3. Device as claimed in claim 1 or 2 wherein the solid needle is machined from titanium.

4. Device as claimed in claim 1, 2 or 3 wherein the distal tip diameter of the needle is approximately 1 mm.

5. Device claimed in any one of claims 1-4, wherein, during use, the ultrasonic vibration generator generates a vibration with a frequency in the range of 20-60 kHz.

6. Device as claimed in claim 5 wherein the ultrasonic vibration frequency is 23 kHz.

7. Device as claimed in claim 5 wherein the ultrasonic vibration frequency is 35 kHz.

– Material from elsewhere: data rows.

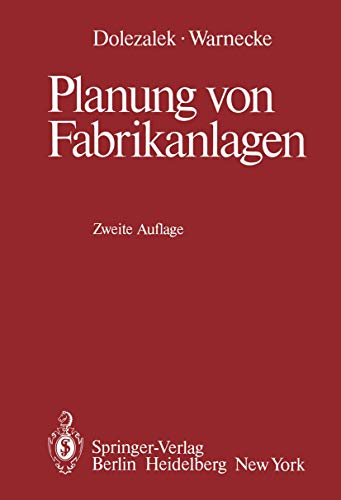 9783540105800: Planung von Fabrikanlagen (German Edition)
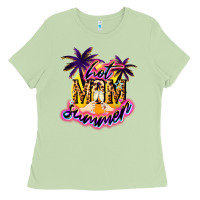 Matcha Hot Mom summer Ladies Tee - NancyCooperArtShop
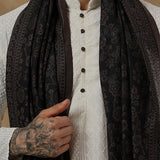 Timeless Black Palla Kasmiri Shawl - For Men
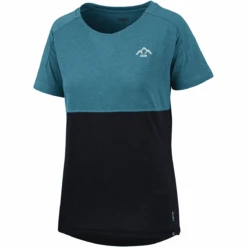 IXS Flow Women Tech Tee Mountain Everglade-schwarz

8. Device as claimed in any one of claims 1-7 wherein the ultrasonic vibration generator is incorporated in a handpiece to which the solid needle is attached.

9. Device as claimed in any one of claims 1-8 wherein the ultrasonic vibration generator comprises a piezo-electric or ferromagnetic transducer.

10. Device as claimed in claim 8 or 9 wherein the handpiece incorporates an elongated small-diameter section between the transducer and the solid needle.

11. Device as claimed in any one of claims 1-10 wherein the needle is enveloped by a sheath of plastic material .

12. Use of a device as claimed in any of claims 1-11 for performing transmyocardial revascularisation.

13. Use of a device as claimed in any of claims 1-11 for the prevention and/or treatment of angina pectoris .

14. Method for revascularising myocardial tissue by creating channels in the myocardial tissue using a device as claimed in claims 1-11.